Henry P. Kendall had begun buying land in Sharon around 1910, much of it in the Moose Hill area of the town. In 1931 he bought a 140 acre farm from Arthur Dreyfus which became Moose Hill Farm. Moose Hill, the highest elevation in Sharon, was a scenic and historic place to establish a home. It was an area of small farms and pastures as early as the 1700s, with remnants of old stone walls and cellar holes still visible when Mr. Kendall acquired the property.  Henry P. Kendall renovated the house and outbuildings and settled his family there in 1934, moving from their first home on Embankment Road in Boston. The farm was home to members of the Kendall family for over sixty years.

Moose Hill Farm in 1905
Aerial view of Moose Hill Farm
circa 1950
1944 greeting card
Henry P. Kendall with cattle
Moose Hill Farm
The main house at Moose Hill Farm

Moose Hill Farm was not only a residence but a working “gentleman’s farm.” Mr. Kendall added several cottages and a network of barns where he maintained a herd of 60 prize-winning Guernsey milk cows and several prize-winning bulls, with nearby fields cultivated to provide fodder. One of the fields also became a landing strip for Henry W. Kendall’s private airplane.  Additional farm operations were located on South Main Street in Sharon.  A substantial dairying operation continued at Moose Hill Farm until 1960, after Henry P. Kendall’s death, when the herd was sold at auction. The farm also featured an orchard, a wood lot, a horse barn, beehives, vegetable plots and a flower garden.  Plans, records and photographs of these features and activities are included in the Archive.

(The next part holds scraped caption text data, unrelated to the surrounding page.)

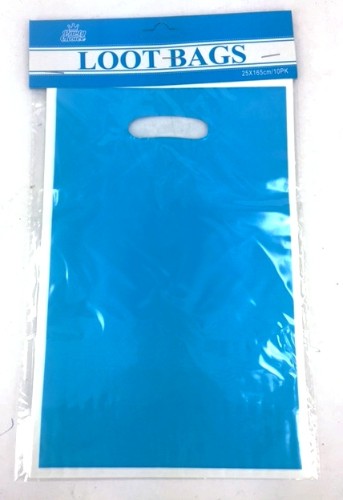 Bright blue loot bags (10 units) for parties, measuring 16.5 x 25cm, durable for treats, ideal for celebrations.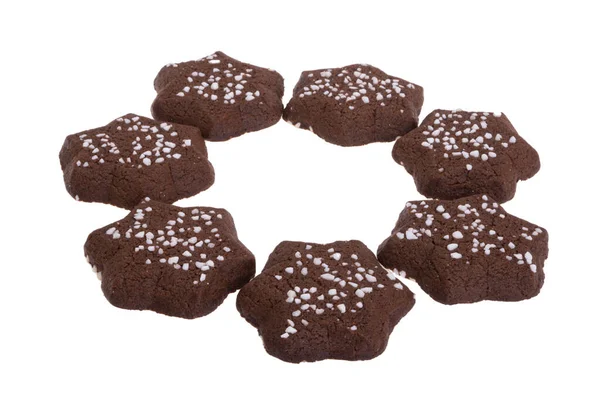 Beyaz Arka Plan Üzerinde Izole Çikolatalı Bisküvi — Stok fotoğraf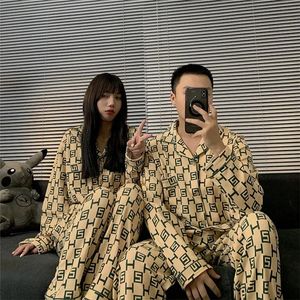 Clothing Two Piece Pants Autumn Winter Cotton Matching Couple Pajamas Men Sleepwear Women designer Homewear Bedroom White Letter Pyjama hom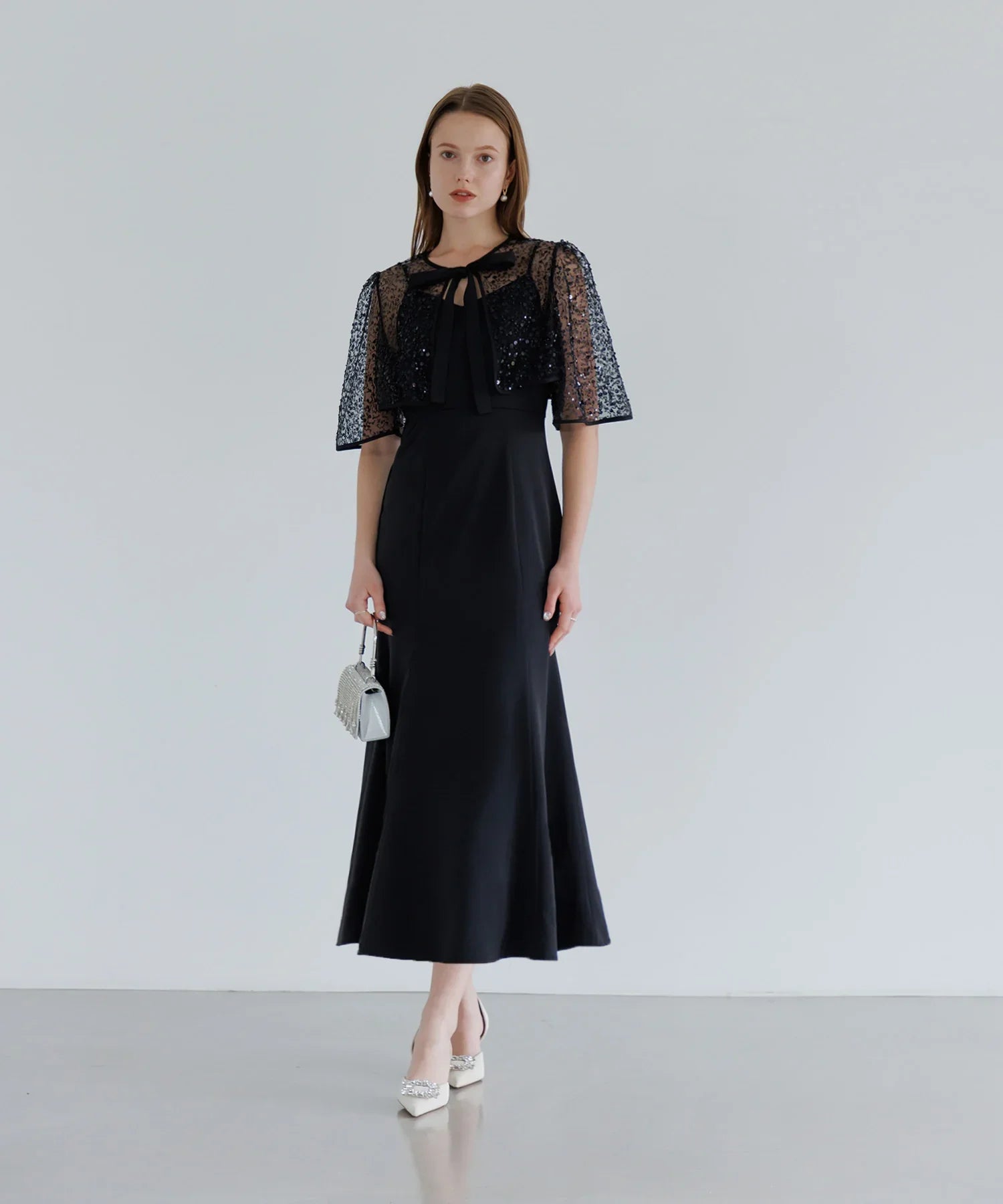 【当日発送】スパンコールビジューボレロマーメイドワンピースドレス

The main dairy barn burned down in 1963, and other barns and outbuildings in the complex were lost to fire in 1969 and the 1970s. The Kendall family continued to reside at the farm for a number of years. After the death of Henry W. Kendall in 1999, the family began to divest itself of surrounding property. In 2004 the farm property itself, including the main building complex and about 400 surrounding acres, was deeded to The Trustees of Reservations by the Henry P. Kendall Foundation.

Much of the Moose Hill area of Sharon is now conservation land, protected from development. The Massachusetts Audubon Society’s Moose Hill Wildlife Sanctuary occupies about 2000 acres near Moose Hill Farm, most of its land donated from Henry P. Kendall’s holdings. Moose Hill Farm itself has returned to its agricultural roots by becoming a CSA (Community Supported Agriculture) farm site.